Prendre le train au lieu de l’avion pour se rendre à un rendez-vous ou pour aller visiter un salon représente une autre action positive pour l’entreprise. Mais un bilan carbone ne se réduit pas uniquement aux transports. Ce n’en est qu’une composante parmi d’autres. Chaque étape d’un projet, chaque achat, chaque action peuvent être analysés sous le prisme de leur impact environnemental afin de réduire les émissions de carbone de son activité. C’est ainsi que tout doit être mesuré. Il existe heureusement des outils pour faciliter ce travail fastidieux d’analyse tellement il touche à un grand nombre de données dans des univers complètement différents.

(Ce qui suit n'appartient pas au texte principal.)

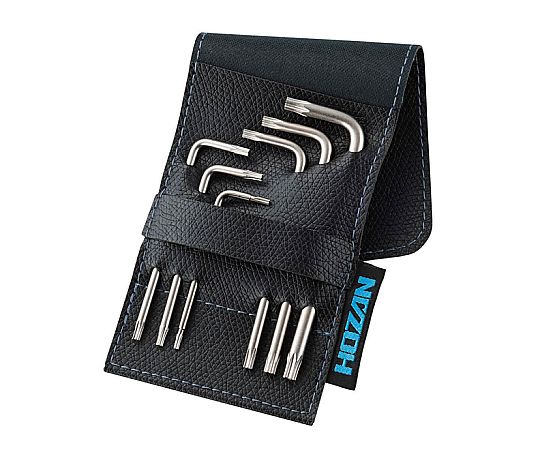 ホーザン トルクスレンチセット 1セット W-82 5,561円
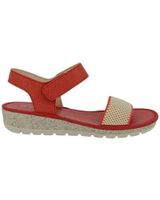 de dcutillas sandalias para mujer doctor cutillas 35329 autoadherente carmin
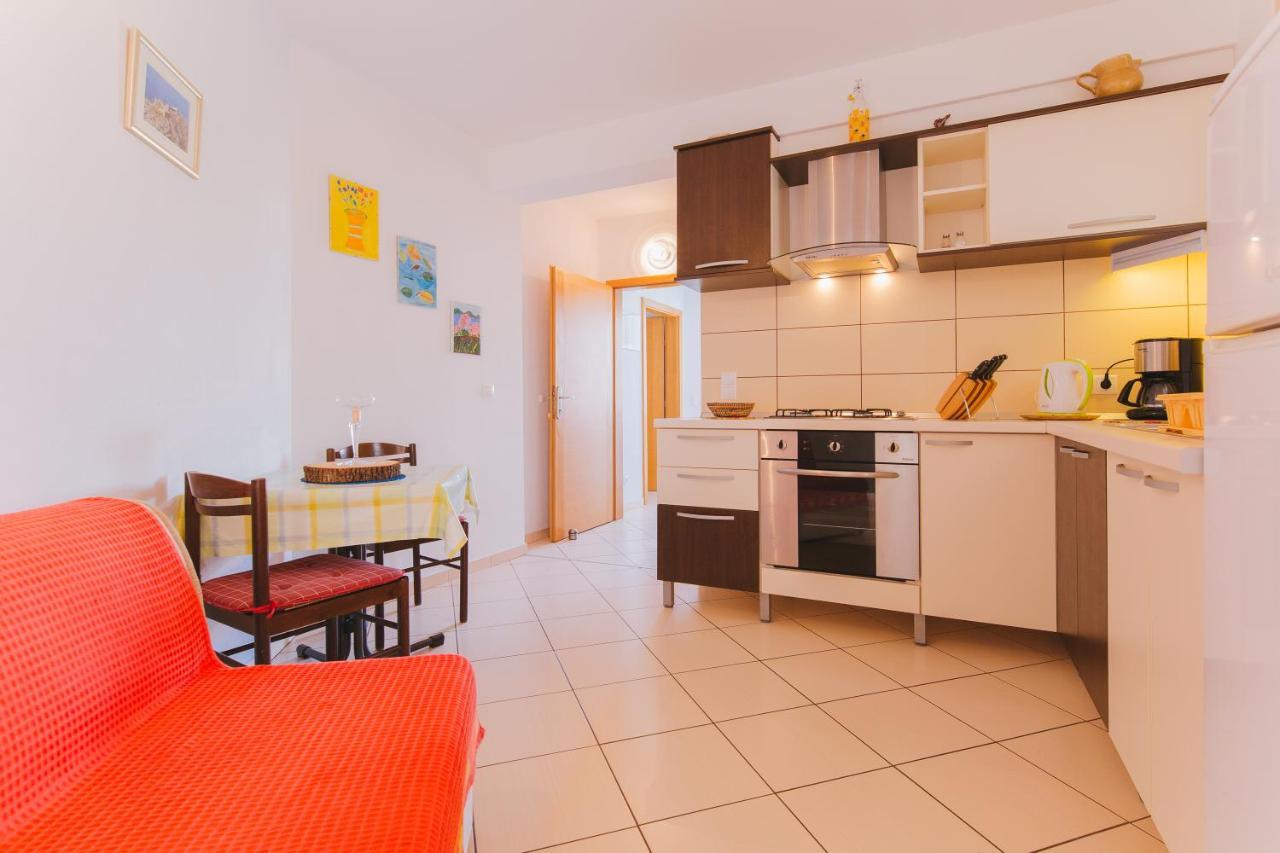 Apartmani Villa Marija Omis Luaran gambar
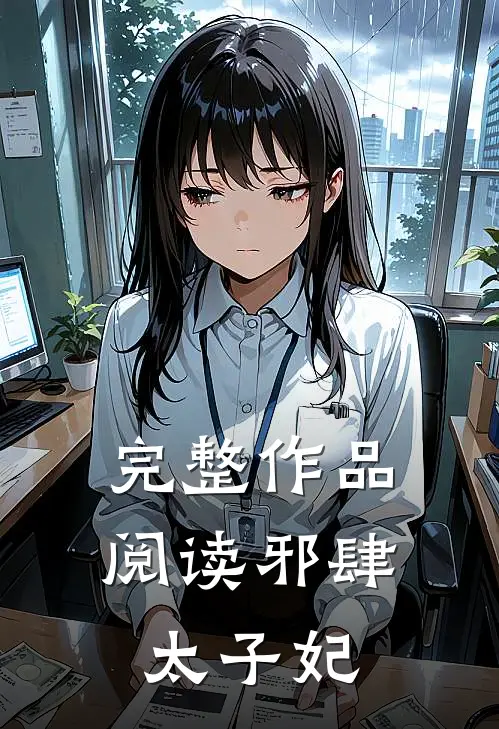 完整作品阅读邪肆太子妃
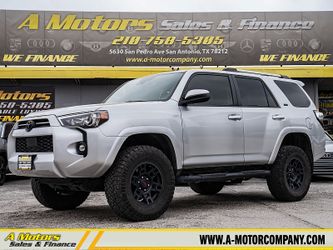 2022 Toyota 4Runner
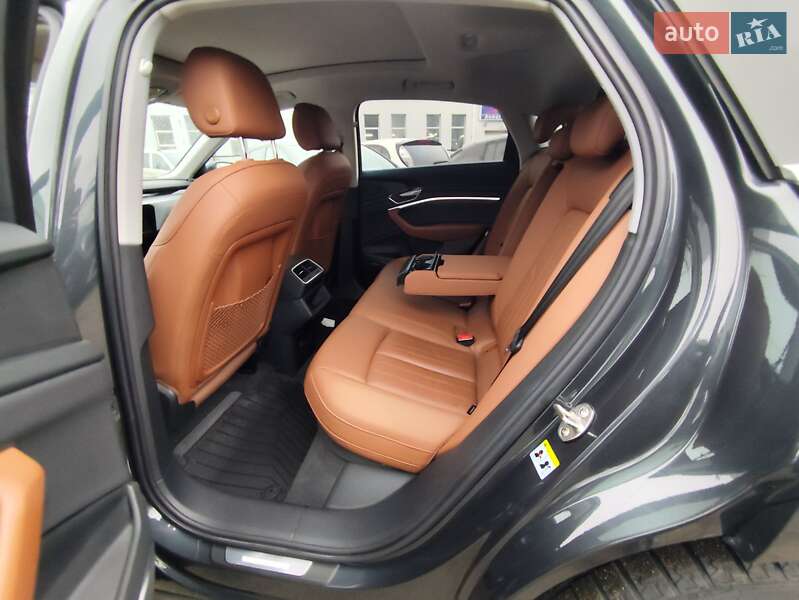 Audi e-tron Sportback 2020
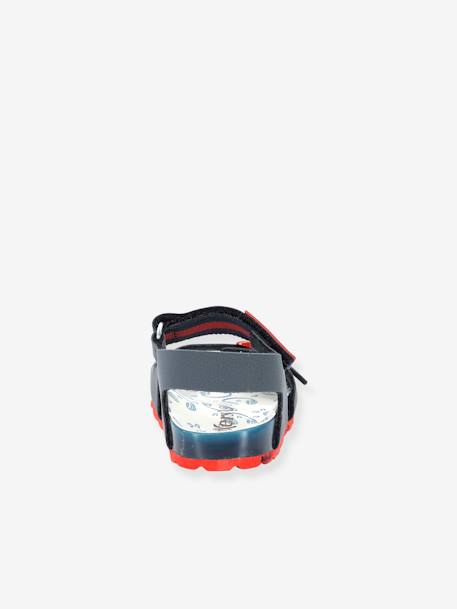 Sandales enfant Sostreet 894912-30-103 marine 4 - vertbaudet enfant 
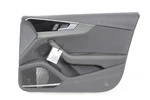 2017-2024 Audi A4 B9 Sedan Right Front Door Trim Panel 8W0867118. Fixed Price $127.50.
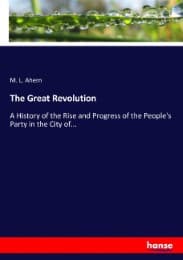 Cover von The Great Revolution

Le lieu dans lequel on exerce son activité est un poste majeur. Les différentes consommations d’énergie et de fluides peuvent toujours être optimisées. Si ce n’est pas le cas, un déménagement vers un lieu plus efficace doit s’envisager, à moins que des travaux puissent être entrepris. Pour la bonne tenue de l’activité, sans avoir forcément à modifier les processus de travail, des efforts peuvent être planifiés à tous les niveaux, de la consommation de papier de l’imprimante au recyclage des déchets en passant par la sobriété des équipements informatiques et l’automatisation des équipements électriques : éclairage, chauffage, climatisation, ouvrants…
La mise en place d’un tableau de bord s’impose. Il peut prendre la forme d’un simple tableau Excel dans lequel on va entrer chaque mois les données pour en obtenir une vision globale et trouver des pistes d’amélioration. Pour de grosses entreprises, un tableau de bord automatisé sera avantageusement mis en place. Il existe des solutions complètes pour les bâtiments les plus complexes comme des outils open source mieux adaptés à de toutes petites structures.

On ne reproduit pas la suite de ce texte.